OPINIÃO   sábado, 11 de abril de 2009

Reflexos da Inocência

Se Daniel Craig queria sair do estereótipo “Jamesbondiano”, este ainda não é o filme que lhe garantirá tal feito. Mesmo apresentando uma narrativa redondinha e com bons momentos aqui e acolá, o primeiro longa de Baillie Walsh fica aquém do que poderia ser, embora apresente um personagem honesto, como há tempos não se vê na telona.

“Reflexos da Inocência” é um filme de iniciação para seus maiores envolvidos. Este é o primeiro longa de Baillie Walsh, que vem de uma carreira bem sucedida em videoclipes. Para o ator Daniel Craig, o filme também tem um gosto novo, já que é o seu primeiro trabalho como produtor. Tratando-se de uma estreia, ambos se saíram bem ao contar uma história que, apesar de não ser nenhuma novidade, chama a atenção pela estética cuidadosa, ótimas atuações e referências musicais.

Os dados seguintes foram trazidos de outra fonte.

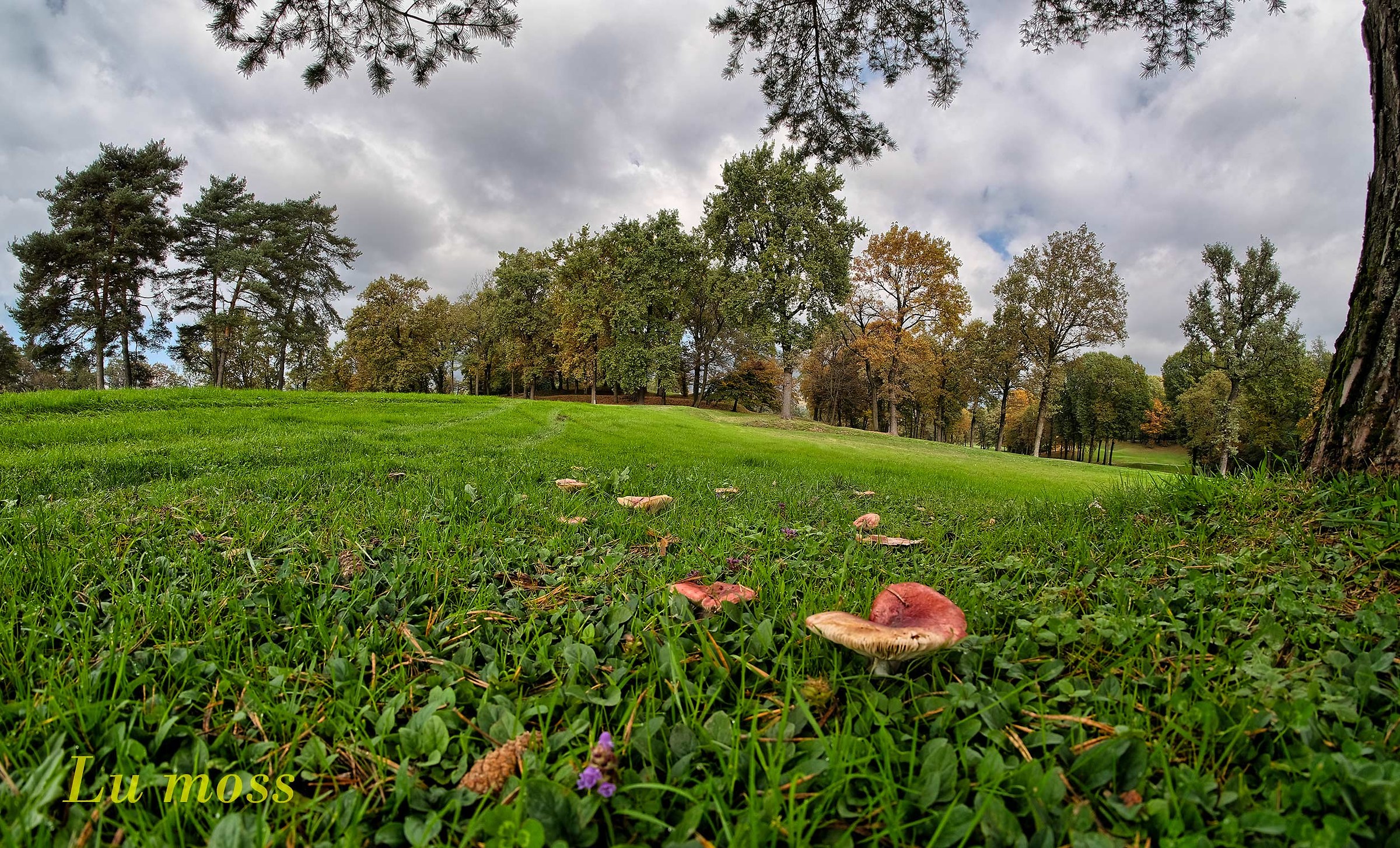Autunno visto dal basso.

Joe Scott (Daniel Craig) é um astro de Hollywood que há muito não está sob os holofotes. Com uma carreira decadente, ele amarga fracassos e o esquecimento da mídia. Aos 40 anos, viciado em cocaína e em si mesmo, ele já não é a estrela de outrora. Seus dias resumem-se a sexo, drogas e à companhia de uma empregada, a única que parece ainda lhe dispensar alguma consideração. Ao ser chutado pelo seu agente e ser informado da morte de um de seus melhores amigos, ele é forçado a encarar seu passado e reencontra tudo o que deixou pra trás, inclusive uma tragédia, responsável por mudar os rumos de sua vida naquela época.

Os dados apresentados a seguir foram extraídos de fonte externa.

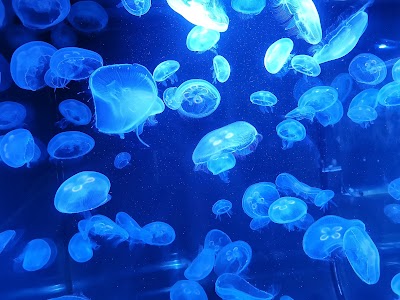 Phillip & Patricia Frost Museum of Science photo 3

O jovem Joe (Harry Éden) vive sua infância e adolescência ao lado de seu melhor amigo (Max Deacon) no litoral da Inglaterra. Inseparáveis, compartilhavam aventuras e sonhos típicos da idade, mas essas cenas servem apenas para fazer o contraponto com o que ele se tornou no futuro e justificar suas ações do passado. É no âmbito familiar que as coisas se desenrolam para o personagem, que, como todo adolescente descobrindo sua própria sexualidade, não consegue dizer não às investidas de uma mulher casada e muito mais velha. Essa relação, proibida e baseada nas necessidades pessoais de cada um, resulta em uma conturbada reviravolta na existência de ambos.

O filme aborda temas tensos que envolvem família, escolhas, auto-destruição, desejo e perdão. Apesar disso, ainda acha espaço para fazer uma leitura ao estilo de vida de muitas celebridades da meca cinematográfica, mostrado no estilo de vida de seu personagem principal e na forma como as pessoas o enxergam, comicamente mostrado em uma cena de suposta agressão física à sua empregada. Outro ponto forte é quando, ainda adolescente, Joe e o seu grande amor vestem roupas a lá Ziggy Stardust e dublam “If There’s Something” da banda setentista Roxy Music. É “glam” e saudosismo de encher os olhos!

Quantos às interpretações, todos os olhares se voltam a Craig, e essa preferência é justificável. Ele consegue fazer um artista arrogante, egoísta, fútil e detestável, um homem sem motivações, insatisfeito consigo mesmo e que reflete isso em cada palavra, ação e pensamento. Quando o desfecho do longa se aproxima, o sentimento do público se transforma junto com a mudança que Scott realiza em si, e quem pelo menos conhece um pouco de cinema, sabe que é raro um ator conseguir mudar a opinião do público após construir um perfil de personagem.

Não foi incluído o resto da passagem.